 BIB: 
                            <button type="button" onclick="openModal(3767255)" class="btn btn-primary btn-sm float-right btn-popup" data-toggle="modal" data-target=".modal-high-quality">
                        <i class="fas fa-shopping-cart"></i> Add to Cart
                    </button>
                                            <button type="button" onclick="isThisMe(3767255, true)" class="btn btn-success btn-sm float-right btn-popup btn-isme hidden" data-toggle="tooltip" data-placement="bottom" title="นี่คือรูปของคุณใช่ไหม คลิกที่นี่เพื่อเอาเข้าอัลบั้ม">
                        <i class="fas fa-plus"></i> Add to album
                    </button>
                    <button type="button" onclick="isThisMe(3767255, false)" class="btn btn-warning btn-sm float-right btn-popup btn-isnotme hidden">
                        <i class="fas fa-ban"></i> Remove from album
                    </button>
──────
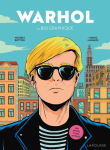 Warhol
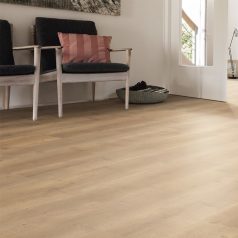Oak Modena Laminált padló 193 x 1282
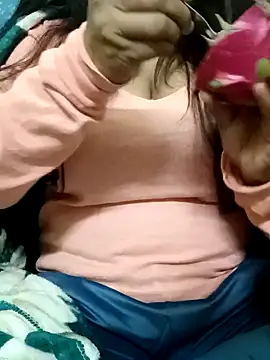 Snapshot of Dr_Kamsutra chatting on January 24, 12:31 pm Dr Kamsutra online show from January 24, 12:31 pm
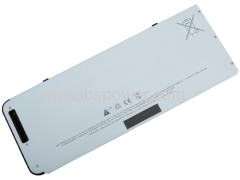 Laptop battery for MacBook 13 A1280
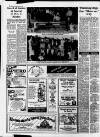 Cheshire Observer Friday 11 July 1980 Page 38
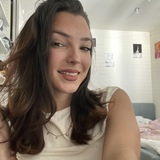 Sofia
──────
Write down exactly the span of lines above from the one containing "Add to Cart" to the one containing "btn-success btn-sm float-right", both ends included.

                        <i class="fas fa-shopping-cart"></i> Add to Cart
                    </button>
                                            <button type="button" onclick="isThisMe(3767255, true)" class="btn btn-success btn-sm float-right btn-popup btn-isme hidden" data-toggle="tooltip" data-placement="bottom" title="นี่คือรูปของคุณใช่ไหม คลิกที่นี่เพื่อเอาเข้าอัลบั้ม">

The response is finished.